I painted my TKS and Puppchen with a base coat of Poly S Panzer yellow. The treads were painted with Tamiya German red brown and now the rest of the runs attached to the tank with CA. Road wheel tires were painted with a dark gray, instead of flat black, which I think makes things look too factory fresh. A light wash of chocolate brown was added and Poly S rust painted on the muffler. I used a black wash on the intake screen and louvers on the engine deck , some graphite here and there on edges and some light silver RUB-N-BUFF cream.

The decals shattered when trying to remove them from their backing sheet. I was only able to salvage the data plate that goes on the back of the Puppchen’s shield. I got some aircraft German national crosses off a sheet in my spares box and cut the white edges off the crosses, leaving only the center black. I coated the areas on the side of the fighting compartment with some FUTURE acrylic floor wax, added the crosses and then Testor dull-coated over them to seal them in.
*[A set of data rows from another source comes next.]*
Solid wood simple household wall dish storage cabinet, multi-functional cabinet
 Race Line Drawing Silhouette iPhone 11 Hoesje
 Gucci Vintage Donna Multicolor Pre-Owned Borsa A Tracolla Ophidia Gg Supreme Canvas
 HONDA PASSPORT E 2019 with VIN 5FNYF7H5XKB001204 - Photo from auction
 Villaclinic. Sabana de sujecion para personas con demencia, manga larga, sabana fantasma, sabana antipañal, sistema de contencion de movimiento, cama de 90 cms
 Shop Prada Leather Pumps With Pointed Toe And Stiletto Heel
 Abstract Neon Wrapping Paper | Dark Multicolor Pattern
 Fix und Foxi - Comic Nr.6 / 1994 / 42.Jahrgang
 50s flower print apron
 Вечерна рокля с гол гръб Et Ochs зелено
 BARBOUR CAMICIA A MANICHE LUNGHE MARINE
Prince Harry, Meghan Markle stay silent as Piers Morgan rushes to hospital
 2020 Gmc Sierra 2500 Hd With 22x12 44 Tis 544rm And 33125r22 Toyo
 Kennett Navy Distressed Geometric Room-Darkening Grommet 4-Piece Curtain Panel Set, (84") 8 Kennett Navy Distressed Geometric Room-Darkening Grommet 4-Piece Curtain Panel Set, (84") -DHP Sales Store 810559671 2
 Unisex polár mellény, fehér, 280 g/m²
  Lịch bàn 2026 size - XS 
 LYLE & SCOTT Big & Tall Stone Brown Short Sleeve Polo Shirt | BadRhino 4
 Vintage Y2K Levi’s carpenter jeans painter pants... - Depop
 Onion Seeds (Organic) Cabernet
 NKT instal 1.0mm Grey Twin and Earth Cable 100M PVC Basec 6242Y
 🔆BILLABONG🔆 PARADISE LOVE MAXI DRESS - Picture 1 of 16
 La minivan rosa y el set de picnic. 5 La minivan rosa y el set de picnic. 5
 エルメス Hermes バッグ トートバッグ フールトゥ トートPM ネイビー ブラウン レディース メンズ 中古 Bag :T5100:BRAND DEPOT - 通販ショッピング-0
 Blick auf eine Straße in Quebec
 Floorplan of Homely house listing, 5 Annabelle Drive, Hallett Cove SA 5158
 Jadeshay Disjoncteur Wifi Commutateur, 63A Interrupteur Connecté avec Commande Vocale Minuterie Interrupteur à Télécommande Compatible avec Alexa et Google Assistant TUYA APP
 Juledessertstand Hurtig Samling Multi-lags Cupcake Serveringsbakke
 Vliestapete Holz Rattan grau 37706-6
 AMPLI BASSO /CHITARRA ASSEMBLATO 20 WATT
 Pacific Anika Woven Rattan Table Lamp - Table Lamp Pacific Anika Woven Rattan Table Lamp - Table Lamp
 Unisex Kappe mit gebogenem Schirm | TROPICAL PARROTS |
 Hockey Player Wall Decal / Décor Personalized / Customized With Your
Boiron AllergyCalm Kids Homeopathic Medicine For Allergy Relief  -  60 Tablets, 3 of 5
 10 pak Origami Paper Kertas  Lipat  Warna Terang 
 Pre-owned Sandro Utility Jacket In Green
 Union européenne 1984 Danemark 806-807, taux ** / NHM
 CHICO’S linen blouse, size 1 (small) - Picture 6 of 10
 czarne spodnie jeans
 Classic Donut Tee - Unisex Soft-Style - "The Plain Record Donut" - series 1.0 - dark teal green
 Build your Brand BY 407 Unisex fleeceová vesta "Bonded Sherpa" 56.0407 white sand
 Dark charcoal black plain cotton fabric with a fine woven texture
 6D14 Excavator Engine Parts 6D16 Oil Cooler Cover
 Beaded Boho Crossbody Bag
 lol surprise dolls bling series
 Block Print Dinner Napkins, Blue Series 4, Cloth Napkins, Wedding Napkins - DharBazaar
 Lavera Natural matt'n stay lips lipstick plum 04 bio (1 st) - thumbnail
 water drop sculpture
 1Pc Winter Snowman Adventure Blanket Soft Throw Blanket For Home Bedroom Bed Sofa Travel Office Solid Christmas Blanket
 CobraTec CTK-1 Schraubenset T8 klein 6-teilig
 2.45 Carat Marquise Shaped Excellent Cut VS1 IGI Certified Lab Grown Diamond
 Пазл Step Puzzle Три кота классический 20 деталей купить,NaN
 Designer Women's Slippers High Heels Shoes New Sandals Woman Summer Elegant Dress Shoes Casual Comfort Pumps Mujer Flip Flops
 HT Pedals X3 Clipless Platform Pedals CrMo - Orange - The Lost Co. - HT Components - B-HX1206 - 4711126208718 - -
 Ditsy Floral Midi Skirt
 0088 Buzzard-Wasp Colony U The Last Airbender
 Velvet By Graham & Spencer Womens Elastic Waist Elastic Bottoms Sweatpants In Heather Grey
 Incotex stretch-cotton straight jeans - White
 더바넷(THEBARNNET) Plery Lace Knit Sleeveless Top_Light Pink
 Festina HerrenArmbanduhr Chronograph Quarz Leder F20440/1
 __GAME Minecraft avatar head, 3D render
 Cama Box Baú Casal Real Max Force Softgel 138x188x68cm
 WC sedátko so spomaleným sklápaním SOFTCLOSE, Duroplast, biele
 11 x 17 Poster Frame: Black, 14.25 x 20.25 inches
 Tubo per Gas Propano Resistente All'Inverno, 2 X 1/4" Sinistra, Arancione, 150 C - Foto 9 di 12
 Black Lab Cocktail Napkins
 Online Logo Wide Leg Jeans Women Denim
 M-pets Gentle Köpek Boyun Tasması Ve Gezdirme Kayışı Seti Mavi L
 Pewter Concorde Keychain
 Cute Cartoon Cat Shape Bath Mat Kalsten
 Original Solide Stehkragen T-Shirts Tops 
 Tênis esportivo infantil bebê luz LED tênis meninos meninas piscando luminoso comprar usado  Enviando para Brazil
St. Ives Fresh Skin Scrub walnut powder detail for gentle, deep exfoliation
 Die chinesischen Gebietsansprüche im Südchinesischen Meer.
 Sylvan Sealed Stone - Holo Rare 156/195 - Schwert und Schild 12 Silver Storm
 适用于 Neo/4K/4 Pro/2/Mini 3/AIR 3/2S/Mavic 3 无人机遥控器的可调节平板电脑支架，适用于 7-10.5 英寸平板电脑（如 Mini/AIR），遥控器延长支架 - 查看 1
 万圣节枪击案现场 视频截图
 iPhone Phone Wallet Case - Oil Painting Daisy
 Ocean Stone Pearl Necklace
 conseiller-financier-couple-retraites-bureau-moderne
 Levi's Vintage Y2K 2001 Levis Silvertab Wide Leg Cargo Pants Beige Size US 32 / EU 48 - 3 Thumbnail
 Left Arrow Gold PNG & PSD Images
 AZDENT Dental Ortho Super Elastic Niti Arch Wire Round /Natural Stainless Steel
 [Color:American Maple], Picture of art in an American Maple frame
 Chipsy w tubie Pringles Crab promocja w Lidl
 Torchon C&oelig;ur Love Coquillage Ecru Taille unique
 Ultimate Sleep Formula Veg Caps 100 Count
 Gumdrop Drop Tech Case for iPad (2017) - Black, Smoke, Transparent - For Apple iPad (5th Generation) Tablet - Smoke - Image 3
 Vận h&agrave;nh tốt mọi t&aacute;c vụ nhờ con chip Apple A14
The German MG 42 machine gun barrel was painted with Tamiya gun metal and given a black wash and a little RUB-N-BUFF dry brush.

I fastened the TKS and Puppchen together and put both on a display board with CA.

Ra 43 Ra 43 Ra 43 Ra 43

Conclusions

It was quite a bit of work to complete this small model. I would only suggest it to modelers that have a few armor models under their belts and are proficient at working with small parts and fixing things that aren’t quite right. I was surprised that the link and length type tracks went together with only one hitch. I had to chop two links off parts no. 47, which are the lengths of track that go from the rear road wheel to the return rollers, as they were too long after attaching all the other sections.

This model now travels with me soon to an IPMS contest. Hope it does well there.